WHAT YOU ARE ASKED TO DO -> Repeat nothing but the lines below running from the one containing "For Iphone 15" to the one containing "Serviettes de table". Keep both end lines.

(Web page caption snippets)

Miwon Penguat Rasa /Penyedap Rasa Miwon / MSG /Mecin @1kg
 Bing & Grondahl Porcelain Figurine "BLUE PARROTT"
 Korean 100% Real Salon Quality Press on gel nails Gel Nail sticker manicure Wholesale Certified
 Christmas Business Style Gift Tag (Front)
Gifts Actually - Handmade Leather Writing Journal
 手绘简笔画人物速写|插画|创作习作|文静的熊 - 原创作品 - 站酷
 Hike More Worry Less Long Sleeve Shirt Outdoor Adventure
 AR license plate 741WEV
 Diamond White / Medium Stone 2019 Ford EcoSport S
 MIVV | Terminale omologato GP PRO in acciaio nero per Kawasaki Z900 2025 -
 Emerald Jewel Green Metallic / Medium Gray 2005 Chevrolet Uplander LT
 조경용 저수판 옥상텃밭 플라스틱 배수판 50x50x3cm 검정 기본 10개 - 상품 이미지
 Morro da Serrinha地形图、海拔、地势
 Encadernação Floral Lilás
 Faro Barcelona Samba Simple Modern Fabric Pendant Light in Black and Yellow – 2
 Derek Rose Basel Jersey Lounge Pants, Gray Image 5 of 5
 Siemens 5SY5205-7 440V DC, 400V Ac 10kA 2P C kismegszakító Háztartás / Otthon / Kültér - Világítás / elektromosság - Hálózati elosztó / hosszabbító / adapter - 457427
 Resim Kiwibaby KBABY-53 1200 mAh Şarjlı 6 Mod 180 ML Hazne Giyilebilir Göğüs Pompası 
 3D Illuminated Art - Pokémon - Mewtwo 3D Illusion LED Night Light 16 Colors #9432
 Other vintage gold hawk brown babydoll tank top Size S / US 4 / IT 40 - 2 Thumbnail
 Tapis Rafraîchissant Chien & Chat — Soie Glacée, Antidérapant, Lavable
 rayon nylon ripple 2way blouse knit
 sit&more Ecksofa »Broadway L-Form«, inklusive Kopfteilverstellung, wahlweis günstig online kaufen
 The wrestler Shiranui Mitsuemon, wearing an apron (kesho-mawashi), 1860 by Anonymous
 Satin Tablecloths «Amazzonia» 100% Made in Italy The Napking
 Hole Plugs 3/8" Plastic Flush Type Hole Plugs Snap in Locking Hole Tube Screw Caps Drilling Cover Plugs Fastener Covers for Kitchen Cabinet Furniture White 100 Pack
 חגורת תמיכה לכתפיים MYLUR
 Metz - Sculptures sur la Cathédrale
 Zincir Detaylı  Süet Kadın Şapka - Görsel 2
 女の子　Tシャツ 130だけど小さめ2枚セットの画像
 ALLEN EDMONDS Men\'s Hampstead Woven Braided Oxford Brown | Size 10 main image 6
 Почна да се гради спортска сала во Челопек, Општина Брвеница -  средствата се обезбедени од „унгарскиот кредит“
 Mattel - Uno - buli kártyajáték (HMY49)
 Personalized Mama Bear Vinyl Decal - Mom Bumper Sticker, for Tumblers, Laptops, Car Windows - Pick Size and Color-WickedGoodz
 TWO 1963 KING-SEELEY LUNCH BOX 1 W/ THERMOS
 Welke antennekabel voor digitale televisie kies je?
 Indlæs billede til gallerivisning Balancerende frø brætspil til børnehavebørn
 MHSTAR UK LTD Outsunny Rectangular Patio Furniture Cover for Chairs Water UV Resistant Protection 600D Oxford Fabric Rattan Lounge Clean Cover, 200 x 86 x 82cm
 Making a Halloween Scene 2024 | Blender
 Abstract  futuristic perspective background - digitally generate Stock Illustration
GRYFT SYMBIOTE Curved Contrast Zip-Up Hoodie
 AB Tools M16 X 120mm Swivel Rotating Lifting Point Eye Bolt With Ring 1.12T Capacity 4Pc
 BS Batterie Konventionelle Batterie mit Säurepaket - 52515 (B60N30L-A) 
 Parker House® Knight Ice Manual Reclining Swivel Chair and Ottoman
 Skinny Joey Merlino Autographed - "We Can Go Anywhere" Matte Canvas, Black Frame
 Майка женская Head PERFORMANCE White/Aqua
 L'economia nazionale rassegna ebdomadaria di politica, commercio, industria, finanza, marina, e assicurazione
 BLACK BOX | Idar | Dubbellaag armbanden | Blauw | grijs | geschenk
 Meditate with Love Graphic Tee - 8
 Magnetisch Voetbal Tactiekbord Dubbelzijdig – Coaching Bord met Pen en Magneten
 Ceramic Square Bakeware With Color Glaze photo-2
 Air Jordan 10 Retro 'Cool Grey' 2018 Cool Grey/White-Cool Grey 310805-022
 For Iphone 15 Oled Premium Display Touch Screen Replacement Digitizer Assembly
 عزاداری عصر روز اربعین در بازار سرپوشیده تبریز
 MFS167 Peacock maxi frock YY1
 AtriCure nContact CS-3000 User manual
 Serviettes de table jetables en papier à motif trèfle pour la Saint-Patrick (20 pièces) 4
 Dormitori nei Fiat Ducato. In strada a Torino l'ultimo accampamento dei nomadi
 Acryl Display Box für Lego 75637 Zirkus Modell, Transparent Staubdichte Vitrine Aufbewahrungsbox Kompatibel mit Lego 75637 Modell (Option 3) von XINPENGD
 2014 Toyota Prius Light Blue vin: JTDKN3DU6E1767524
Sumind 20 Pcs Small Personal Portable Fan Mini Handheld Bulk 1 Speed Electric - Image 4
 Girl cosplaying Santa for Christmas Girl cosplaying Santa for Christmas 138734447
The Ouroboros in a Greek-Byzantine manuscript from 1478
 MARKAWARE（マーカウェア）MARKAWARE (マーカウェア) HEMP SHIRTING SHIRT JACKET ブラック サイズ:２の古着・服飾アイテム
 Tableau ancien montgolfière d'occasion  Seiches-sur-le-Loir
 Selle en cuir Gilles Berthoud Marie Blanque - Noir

RESPONSE FOR THIS EXERCISE ->
 For Iphone 15 Oled Premium Display Touch Screen Replacement Digitizer Assembly
 عزاداری عصر روز اربعین در بازار سرپوشیده تبریز
 MFS167 Peacock maxi frock YY1
 AtriCure nContact CS-3000 User manual
 Serviettes de table jetables en papier à motif trèfle pour la Saint-Patrick (20 pièces) 4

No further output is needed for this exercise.